Nothing in life is free. Someone has to produce “free” education, and unless the professors will teach for no money, administrators will volunteer their time and contractors will build college buildings pro bono, the direct cost of education will be substantial. Of course, were all these people to render their services for free, the costs to them would be astronomical. So they don’t.
This is why the monetary cost of Hillary Clinton’s “free” college plan is expected to be staggering. Campaign aides have estimated that enabling about 80 percent of Americans to attend public college tuition-free would cost federal taxpayers about $500 billion over 10 years. And the plan would almost certainly involve states greatly expanding their funding. If it ended up requiring, say, a dollar-for-dollar match with federal funds, that’s $1 trillion over 10 years. Some “free”!

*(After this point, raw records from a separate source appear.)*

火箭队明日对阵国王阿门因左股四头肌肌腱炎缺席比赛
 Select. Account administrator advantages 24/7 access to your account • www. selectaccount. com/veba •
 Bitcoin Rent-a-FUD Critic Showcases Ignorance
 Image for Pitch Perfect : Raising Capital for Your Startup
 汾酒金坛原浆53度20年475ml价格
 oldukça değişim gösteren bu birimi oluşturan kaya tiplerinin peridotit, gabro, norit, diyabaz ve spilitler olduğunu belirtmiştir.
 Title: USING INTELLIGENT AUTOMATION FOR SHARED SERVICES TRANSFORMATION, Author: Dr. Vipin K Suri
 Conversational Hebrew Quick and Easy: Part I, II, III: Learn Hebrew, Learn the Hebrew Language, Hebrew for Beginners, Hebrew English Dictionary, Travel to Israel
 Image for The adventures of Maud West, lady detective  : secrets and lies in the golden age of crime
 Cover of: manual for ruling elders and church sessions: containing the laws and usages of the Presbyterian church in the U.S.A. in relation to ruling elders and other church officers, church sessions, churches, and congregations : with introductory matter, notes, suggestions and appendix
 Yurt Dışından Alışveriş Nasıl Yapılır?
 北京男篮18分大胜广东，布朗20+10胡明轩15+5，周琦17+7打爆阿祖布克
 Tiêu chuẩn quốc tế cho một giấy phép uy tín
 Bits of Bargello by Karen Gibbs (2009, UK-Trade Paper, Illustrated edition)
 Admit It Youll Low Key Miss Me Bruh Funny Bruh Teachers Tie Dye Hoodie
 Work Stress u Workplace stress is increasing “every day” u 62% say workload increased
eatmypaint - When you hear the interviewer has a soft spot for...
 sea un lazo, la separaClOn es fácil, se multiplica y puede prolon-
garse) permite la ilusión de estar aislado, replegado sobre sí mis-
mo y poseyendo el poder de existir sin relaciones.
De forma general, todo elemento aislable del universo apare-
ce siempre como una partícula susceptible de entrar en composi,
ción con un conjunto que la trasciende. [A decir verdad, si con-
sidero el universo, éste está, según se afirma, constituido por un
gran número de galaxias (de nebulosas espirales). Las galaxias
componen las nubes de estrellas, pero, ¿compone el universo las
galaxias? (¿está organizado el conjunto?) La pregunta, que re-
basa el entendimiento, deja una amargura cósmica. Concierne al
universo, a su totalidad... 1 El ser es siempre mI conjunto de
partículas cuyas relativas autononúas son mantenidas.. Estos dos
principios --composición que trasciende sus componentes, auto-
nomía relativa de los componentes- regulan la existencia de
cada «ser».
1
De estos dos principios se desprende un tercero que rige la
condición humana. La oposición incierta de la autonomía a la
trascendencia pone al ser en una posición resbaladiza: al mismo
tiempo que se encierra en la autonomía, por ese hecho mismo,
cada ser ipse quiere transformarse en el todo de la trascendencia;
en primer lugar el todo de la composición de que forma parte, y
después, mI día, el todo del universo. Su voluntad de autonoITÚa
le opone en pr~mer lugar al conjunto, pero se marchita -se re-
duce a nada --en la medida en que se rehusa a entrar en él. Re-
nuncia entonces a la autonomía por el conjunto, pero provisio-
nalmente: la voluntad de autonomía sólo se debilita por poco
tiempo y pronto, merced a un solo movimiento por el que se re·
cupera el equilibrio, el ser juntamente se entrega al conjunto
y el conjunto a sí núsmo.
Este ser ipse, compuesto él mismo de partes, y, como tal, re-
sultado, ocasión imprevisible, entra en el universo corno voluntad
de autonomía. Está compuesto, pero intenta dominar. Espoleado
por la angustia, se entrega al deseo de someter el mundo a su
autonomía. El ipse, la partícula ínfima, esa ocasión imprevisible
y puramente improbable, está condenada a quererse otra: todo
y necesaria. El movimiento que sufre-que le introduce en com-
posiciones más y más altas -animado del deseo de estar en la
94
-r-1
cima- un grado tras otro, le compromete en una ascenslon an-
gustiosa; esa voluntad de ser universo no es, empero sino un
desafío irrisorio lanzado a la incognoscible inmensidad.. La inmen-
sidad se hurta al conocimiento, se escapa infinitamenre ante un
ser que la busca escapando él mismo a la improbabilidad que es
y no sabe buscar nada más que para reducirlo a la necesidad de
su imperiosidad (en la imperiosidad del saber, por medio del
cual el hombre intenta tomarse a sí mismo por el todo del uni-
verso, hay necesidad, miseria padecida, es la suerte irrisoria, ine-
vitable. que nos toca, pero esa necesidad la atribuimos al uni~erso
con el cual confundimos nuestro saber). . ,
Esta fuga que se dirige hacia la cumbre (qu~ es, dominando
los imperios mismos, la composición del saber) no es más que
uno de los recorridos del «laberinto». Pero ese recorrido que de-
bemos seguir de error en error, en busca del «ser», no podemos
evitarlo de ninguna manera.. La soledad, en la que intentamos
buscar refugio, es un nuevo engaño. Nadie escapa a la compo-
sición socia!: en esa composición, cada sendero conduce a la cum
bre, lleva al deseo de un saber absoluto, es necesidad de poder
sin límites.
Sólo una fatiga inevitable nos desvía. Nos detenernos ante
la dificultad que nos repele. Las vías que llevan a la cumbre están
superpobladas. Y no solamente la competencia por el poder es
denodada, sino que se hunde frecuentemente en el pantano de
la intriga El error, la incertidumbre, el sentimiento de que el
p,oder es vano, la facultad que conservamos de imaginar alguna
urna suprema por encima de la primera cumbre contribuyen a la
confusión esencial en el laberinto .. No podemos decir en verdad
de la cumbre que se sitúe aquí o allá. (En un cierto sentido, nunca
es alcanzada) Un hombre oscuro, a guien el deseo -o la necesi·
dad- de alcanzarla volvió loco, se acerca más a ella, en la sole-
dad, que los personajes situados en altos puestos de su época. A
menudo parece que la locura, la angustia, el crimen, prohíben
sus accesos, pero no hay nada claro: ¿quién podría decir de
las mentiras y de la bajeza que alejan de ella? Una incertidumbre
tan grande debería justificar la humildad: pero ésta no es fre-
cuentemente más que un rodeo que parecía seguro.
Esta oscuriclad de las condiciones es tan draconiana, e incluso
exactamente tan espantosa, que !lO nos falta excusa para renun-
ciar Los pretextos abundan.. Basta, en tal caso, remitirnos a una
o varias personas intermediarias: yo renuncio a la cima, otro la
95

But the real cost of free public college would be much deeper, and less obvious, than just the beastly bill.
Calls for making college cheaper are typically accompanied by the proclamation that higher education is crucial to a financially secure future. And it is, but that’s largely because we have to run faster and faster just to keep from falling off the credential hamster wheel. Instead of a degree signifying that the holder has obtained highly sought after skills or creative thinking abilities, decades of heavily subsidized college have translated into ‘not having a degree’ suggesting you are seriously flawed. A degree is crucial not, to a significant extent, because the workforce requires more sophistication, but because a college credential has become so commonplace.
The National Assessment of Adult Literacy — alas, only administered twice — gives a sense of the increasing hollowness of a degree. In 1992 it found that about 40 percent of adults whose highest degree was a Bachelor of Arts were proficient in reading prose. By 2003 only 31 percent were. Among people with advanced degrees, proficiency dropped from 51 percent to 41 percent.
What’s actually done in college is also illustrative. Researchers Richard Arum and Josipa Roksa have reported that in the early 1960s college students spent 40 hours per week on academic pursuits, versus just 27 hours in 2008. Time spent studying declined from 25 hours per week in 1961 to 13 hours in 2003. They also report that increases in critical thinking skills during college are distressingly small.
The labor market, meanwhile, offers clear evidence of a credential glut. According to a 2014 Federal Reserve Bank of New York report, about a third of bachelor’s holders are in jobs not requiring the credential, and the quality of those jobs has been declining since about 2000. Meanwhile, many jobs requiring a degree, according to the human resources firm Burning Glass, are currently held by people without degrees, and there’s little evidence the demands of the jobs have changed.
Credential inflation may well be why we have seen the earnings for people with degrees largely stagnate over roughly the last 25 years.
It is not those who complete college, however, who pay the highest cost for an ever-faster credential hamster wheel. It is those who enter college but never finish, in many cases because taking on a degree program — rather than just getting specific skills — is not something for which they are sufficiently prepared or motivated. But getting such a degree is what huge subsidies for largely traditional schooling incentivizes. So millions of people enter college, lose time they could have spent earning money and gaining working experience, and end up with no sheepskin.
Just consider current public college completion rates, before far more people are lured in by tuition abolition. According to the National Student Clearinghouse, only 61 percent of students who entered a four-year public college in 2009 had completed a degree by 2015. At community colleges, only 38 percent had completed a credential or certificate within six years. That represents huge productive time lost, and lots of un-obtained degrees increasingly necessary to keep up with artificially inflated credentialism.
“Free” college sounds great, but would absolutely not be free. We would all end up paying a painful price.